For the girls who did not get streaks, Pita dialed up another style from the annals of angsty youth: “The idea is that the girl shaved the back of her hair off and it grew back in its true color,” he said of the darkened undersides of slick, brushed-back ponytails, which got a shot of sleekness and shine from L’Oréal Professionnel Texture Expert Fixing Mist 4 Hairspray. To take Pita’s idea of punk and make it modern, makeup artist Val Garland went with super-clean skin brightened with moisture, rather than an illuminating cream. “The skin is sculpted through lighting only,” she said, noting that since the hair was quite severe, she used a drugstore brand moisturizer called Egyptian Magic on lids, lips, and cheekbones for a beautifully polished, slightly futuristic glossy effect—a go-to Garland technique that the face painter debuted at Catherine Malandrino in New York. Hard-edged eyes in either black or white completed the look, with blondes getting a white graphic line under their lower lash lines with white mascara and bleached brows and brunettes receiving a black line and black mascara. Both Pita and Garland sightings have been a bit of a rarity in Europe this season, but their originality is always a welcome addition to the backstage beauty discourse.

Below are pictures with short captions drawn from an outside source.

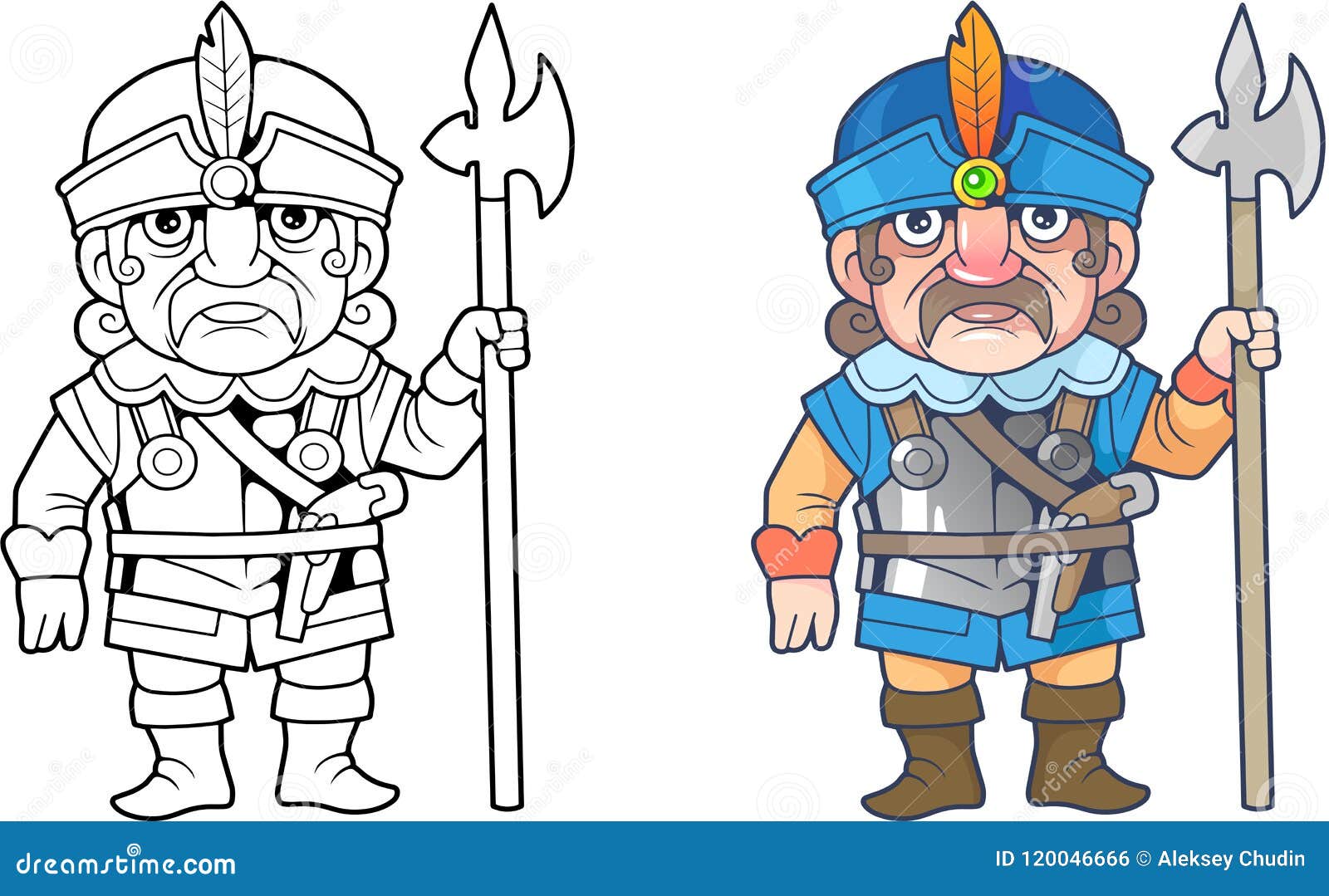Funny Polish Warrior, Illustration Coloring Book Stock Vector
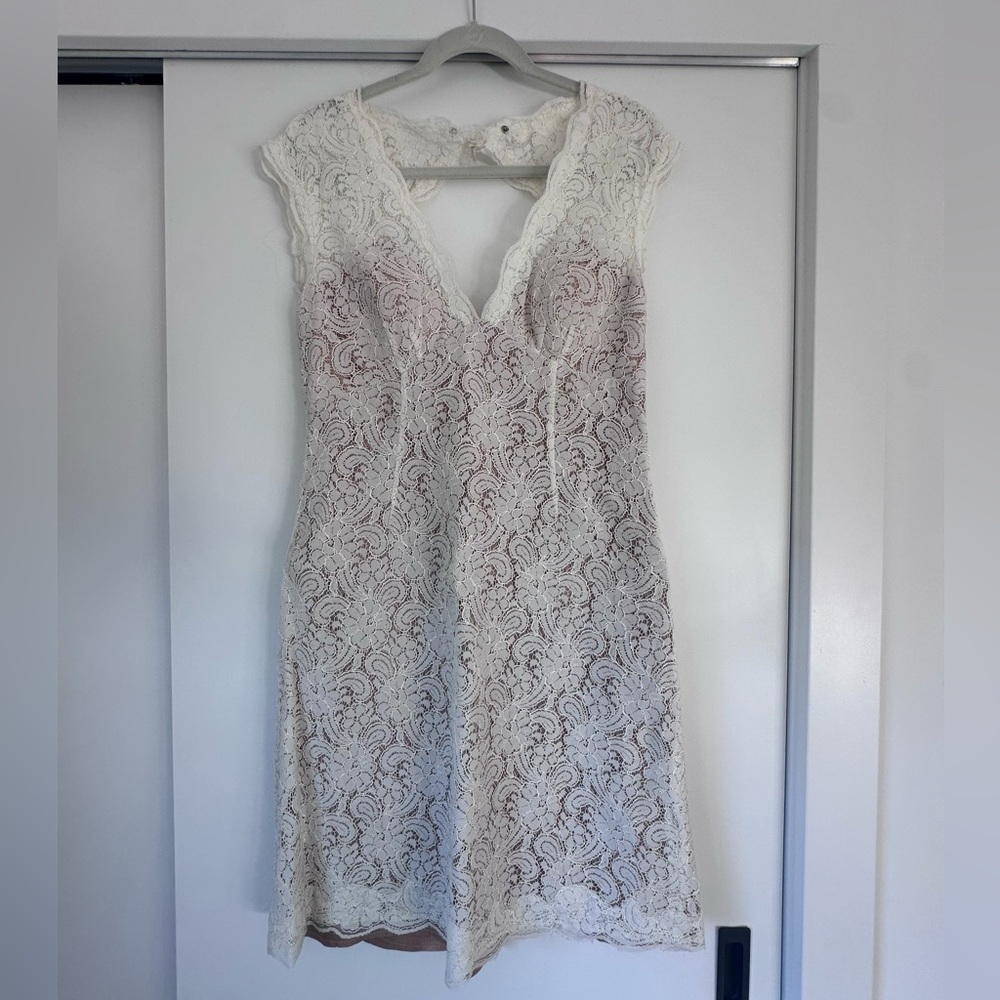 Watters Cream Lace Dress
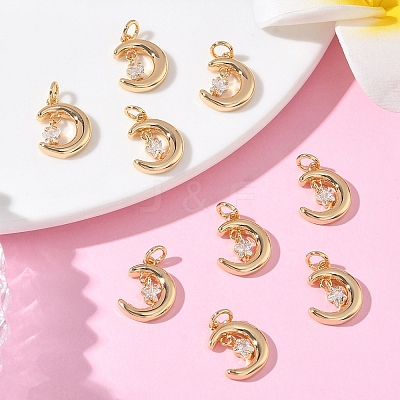 SHEGRACE Brass Micro Pave Cubic Zirconia Pendants XGRQ3D664-464G-1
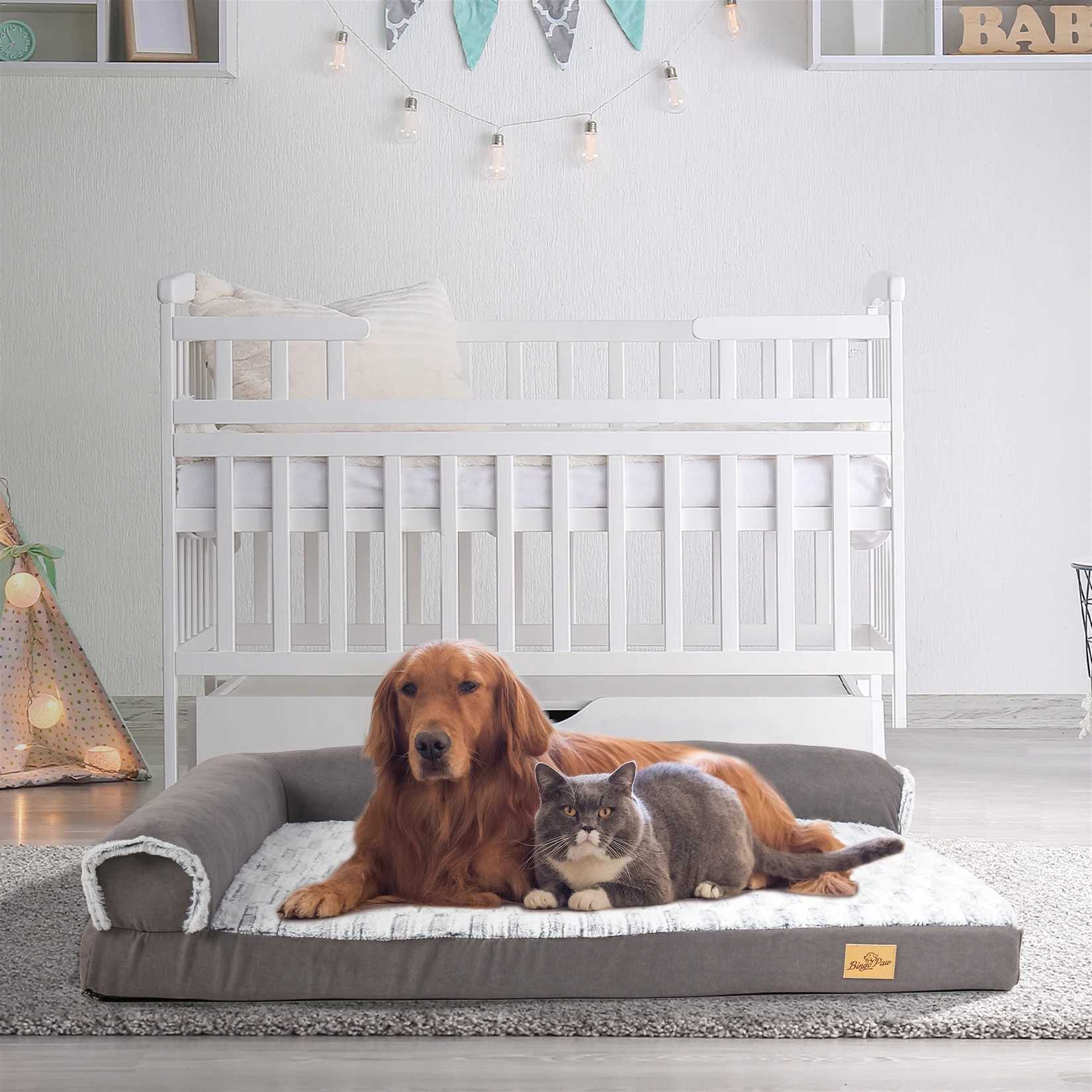 Waterproof plush dog bed warm cat comfortable lounge foam self heating pet kettle machine washable dog bed X250412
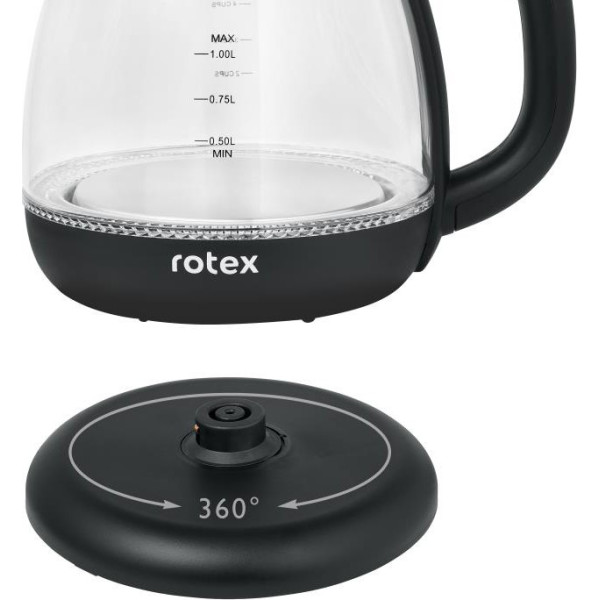 Електрочайник Rotex RKT80-B 1100&nbsp;Вт 1&nbsp;л  чорний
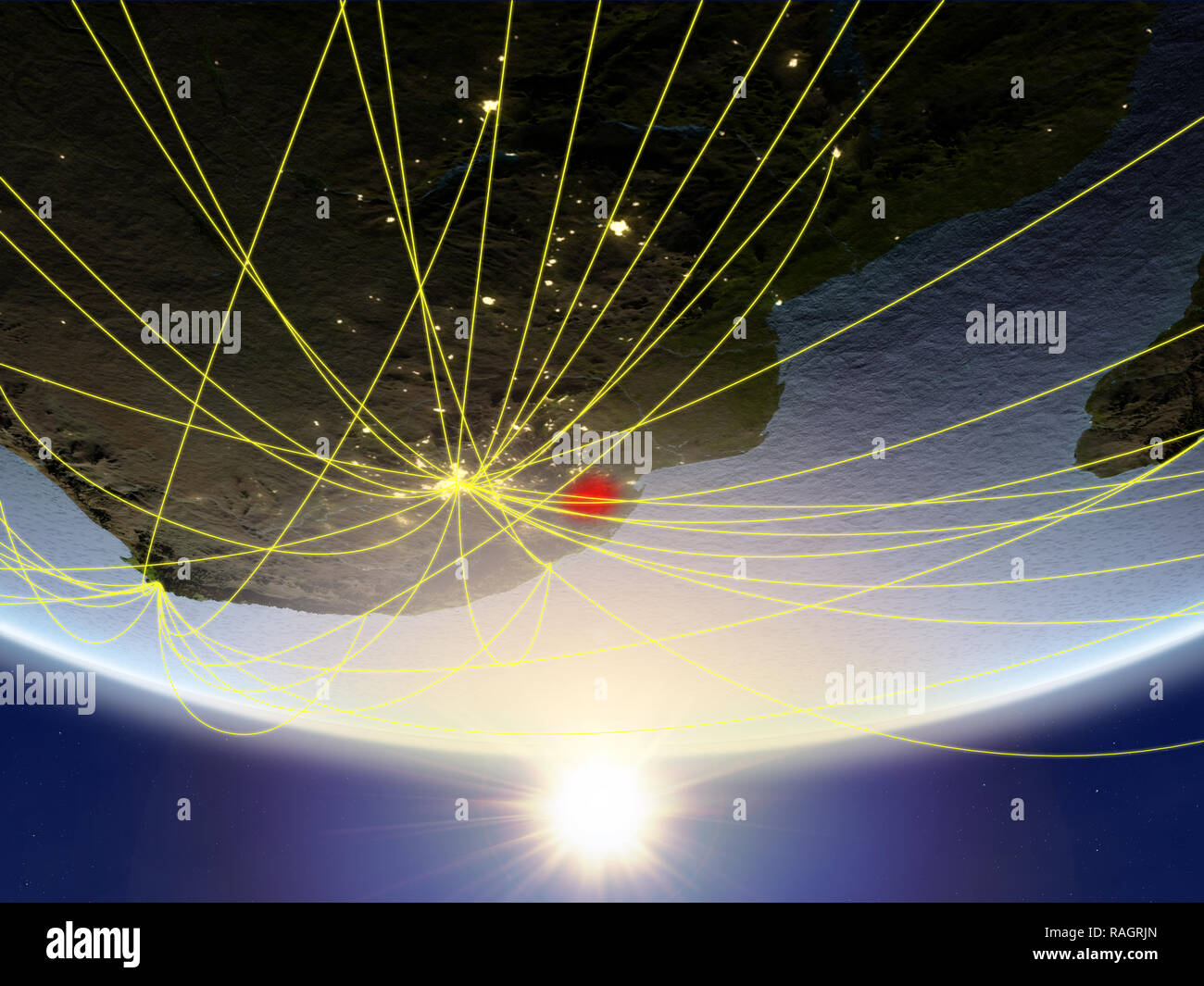 eSwatini on model of planet Earth in sunrise with network representing travel and communication. 3D illustration. Elements of this image furnished by  Stock Photo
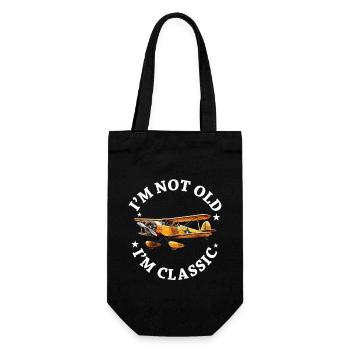 I'm not Old I'm Cassic Vintage Plane Airplane - Geschenkbeutel für Flaschen - Schwarz - Vorne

Pop art showed up as backstage beauty inspiration earlier in the season—first at Diane von Furstenberg, by way of a vivid fuchsia lip, and then at Victoria Beckham with saturated violet lids. So when we first laid eyes on the multihued eye shadow onslaught at Christian Dior today, we assumed that Andy Warhol’s influence was lurking somewhere amid the bright pigment pots and red lipstick bullets. But there was more than just a Factory vibe at play, according to makeup artist Pat McGrath. “Technicolor Bettie Page” is how the face-painter described the bold makeup and heavy clip-on fringe she and hairstylist Orlando Pita whipped up at John Galliano’s request. For her part, McGrath turned to an assortment of CoverGirl’s Eye Enhancers in aqua, blue, red, and green for those outrageous peepers, while its LashBlast Fusion mascara, combined with a thin black liquid line—that was flicked out at the end—added extra impact. As if the lids alone weren’t vibrant enough, McGrath finished the look with a slick of Rouge Dior No. 752 lipstick, an orange-tinged crimson, that likely called to mind Warhol’s mouthy Elizabeth Taylor for the art archivists among you.